Postural orthostatic tachycardia syndrome (POTS) is characterized by symptoms of orthostatic intolerance and is frequently observed in post-COVID conditions.
We conducted controlled, prospective, and randomized clinical trials to explore the potential therapeutic benefits of low-level tragus stimulation (LL-TS) in patients with POTS following COVID-19 infection.
This study enrolled 57 participants with confirmed post-acute COVID-19 who had been diagnosed with POTS. The ear clip was attached to the right tragus of the patients for stimulation (20 Hz with a 1-ms duration) or sham stimulation. They were divided into two groups: the sham LL-TS group (sham stimulation, n = 26) and the LL-TS group (stimulation for 1 month, n = 31). LL-TS was performed 1 h twice daily for 1 month. Postural tachycardia was evaluated at baseline, 1-month visit, and 1-year visit. Heart rate variability (HRV) and plasma neuropeptide Y (NPY) were evaluated at respective time points.
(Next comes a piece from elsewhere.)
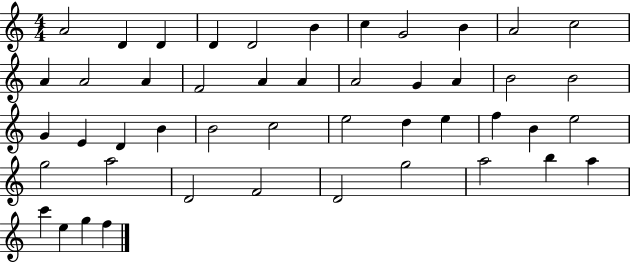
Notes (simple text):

A4/h D4/q D4/q D4/q D4/h B4/q C5/q G4/h B4/q A4/h C5/h A4/q A4/h A4/q F4/h A4/q A4/q A4/h G4/q A4/q B4/h B4/h G4/q E4/q D4/q B4/q B4/h C5/h E5/h D5/q E5/q F5/q B4/q E5/h G5/h A5/h D4/h F4/h D4/h G5/h A5/h B5/q A5/q C6/q E5/q G5/q F5/q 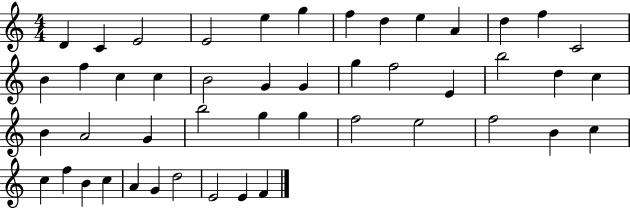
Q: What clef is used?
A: treble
The mean age of participants was 31.9 ± 7.2 years (61.4% female). LL-TS significantly attenuated the increase in heart rate from supine to a 10-min stand, as well as the average and maximum heart rates after 1 month of treatment. LL-TS also significantly reduced NPY levels. In addition, LL-TS significantly increased the high frequency (HF), but decreased the low frequency (LF) and LF/HF ratio during the postural test (all p < 0.01). These effects persisted during the 1-year follow-up.
LL-TS may be a promising therapeutic approach for attenuating autonomic imbalance in patients with POTS following COVID-19 infection.